I don’t normally do kit reviews, but considering my recent rides have been unremarkable apart from being grim, wet, dark and cold affairs on the road bike, I might as well tell you about my jacket. My bright orange Gore Xenon Windstopper jacket is pretty bloody expensive for a garment that’s not got any pockets or a hood, but it has got an extremely dropped tail and a very high waist at the front. A bit like a coat worn by an Edwardian MP. It’s got huge reflective panels on the arms. It’s got really long arms, so this and the long tail make it ideal for riding with my hands in the drops – arse in the air, head down, you know what I mean.
It’s windproof, but not so windproof that it gets hot. In fact, it has to be worn with a good base layer if the temperature is really cold. It’s reasonably water-resistant.
For long rides on the road, especially at night, it’s ideal. Almost perfect in fact.
Warren’s been doing some work recently on the Industrial Fell Biking site. It’s had a facelift plus there’s an RSS feed from this site – so you can read this from there if you want and catch all the other goings-on such as Simon’s great photos and Martin’s obscure (and sometimes cheeky) routes. There are ride announcements on there too, if you’re a bit of a Billy No Mates.
It’s a work in progress at the moment, but see what you think.
Andrew and I attended a meeting last night hosted by British Cycling, held at the Velodrome. We had to sit on the table with the coffee machine which was a bit uncomfortable after a bit but it was a pretty interesting session.
The aim is to establish a mountain bike racing series in the North of England and to promote some cooperation between race organisers. There’s some really interesting stuff in the pipeline already – regular races at Lee Quarry from April 09, some interesting stuff regarding quarries up in the hills that could be used for racing (a bloke who had the contacts for using the quarries and another bloke with the ideas but no venue was a match made in heaven) and loads of other great ideas including some demystifying of kids racing and availability of training for people like us who pretty much make it up as we go along.

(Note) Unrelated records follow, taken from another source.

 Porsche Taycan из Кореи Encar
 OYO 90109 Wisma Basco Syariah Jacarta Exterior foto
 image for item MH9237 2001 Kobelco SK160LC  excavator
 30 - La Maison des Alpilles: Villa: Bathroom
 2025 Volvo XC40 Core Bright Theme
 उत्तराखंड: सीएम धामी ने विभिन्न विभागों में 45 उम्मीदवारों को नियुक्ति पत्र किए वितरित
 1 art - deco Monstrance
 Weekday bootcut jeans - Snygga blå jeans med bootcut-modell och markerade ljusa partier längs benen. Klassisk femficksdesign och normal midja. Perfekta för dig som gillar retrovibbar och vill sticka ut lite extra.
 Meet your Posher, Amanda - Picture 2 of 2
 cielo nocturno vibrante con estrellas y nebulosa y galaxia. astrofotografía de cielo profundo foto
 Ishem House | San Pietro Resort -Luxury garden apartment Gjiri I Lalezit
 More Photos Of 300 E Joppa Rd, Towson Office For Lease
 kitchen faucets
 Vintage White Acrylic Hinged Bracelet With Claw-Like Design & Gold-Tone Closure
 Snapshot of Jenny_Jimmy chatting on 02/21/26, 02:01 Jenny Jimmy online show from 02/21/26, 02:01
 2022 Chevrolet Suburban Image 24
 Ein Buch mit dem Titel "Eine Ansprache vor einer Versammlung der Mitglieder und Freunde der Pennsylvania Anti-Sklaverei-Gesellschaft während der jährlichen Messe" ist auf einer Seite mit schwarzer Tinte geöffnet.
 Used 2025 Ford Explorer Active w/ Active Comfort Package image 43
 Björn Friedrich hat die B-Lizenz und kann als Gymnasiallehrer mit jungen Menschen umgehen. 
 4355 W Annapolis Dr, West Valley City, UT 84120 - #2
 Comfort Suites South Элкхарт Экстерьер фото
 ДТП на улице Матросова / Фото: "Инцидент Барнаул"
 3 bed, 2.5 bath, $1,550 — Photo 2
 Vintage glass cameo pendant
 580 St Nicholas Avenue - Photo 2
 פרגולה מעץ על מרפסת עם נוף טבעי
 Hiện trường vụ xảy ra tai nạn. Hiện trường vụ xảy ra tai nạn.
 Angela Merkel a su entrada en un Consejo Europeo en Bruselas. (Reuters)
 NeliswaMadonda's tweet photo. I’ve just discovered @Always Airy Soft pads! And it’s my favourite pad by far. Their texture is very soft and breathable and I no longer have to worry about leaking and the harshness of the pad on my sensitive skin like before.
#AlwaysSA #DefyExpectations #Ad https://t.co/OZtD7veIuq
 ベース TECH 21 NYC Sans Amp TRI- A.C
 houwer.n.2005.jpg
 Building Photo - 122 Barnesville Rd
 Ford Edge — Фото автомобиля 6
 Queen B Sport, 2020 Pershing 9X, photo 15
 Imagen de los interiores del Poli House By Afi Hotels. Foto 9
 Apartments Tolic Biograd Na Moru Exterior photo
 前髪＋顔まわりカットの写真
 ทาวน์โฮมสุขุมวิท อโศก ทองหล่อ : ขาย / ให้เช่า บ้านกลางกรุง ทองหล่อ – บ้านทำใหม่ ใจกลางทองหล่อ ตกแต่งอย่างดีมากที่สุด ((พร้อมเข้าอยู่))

I’ve always wanted to see kids racing on the course that we use for Hit The North (well some of it anyway) and it seems that there’s no need to worry about it. Just line ‘em up and shout GO!
Chipps is also resurrecting cyclocross racing in Todmorden early in the New Year. I know this cos he handed me a flyer. That’s going to be ace. I’ve already worked out a corking route to it 😉
Feb 7th (yes, FEBRUARY). 2 hours plus 1 lap, all types of bikes welcome. Hot food available, brass band will be playing.
100 rider limit. Get in.
Click that big HTN logo on the left.
We were due to set off at 8:30 this morning to meet up with Rich, Dave and others at Penmachno. Great trails, rocky singletrack aplenty. Unfortunately there was a problem at the stables which meant that Deb was late getting back so me and Michael didn’t set off until 9:15.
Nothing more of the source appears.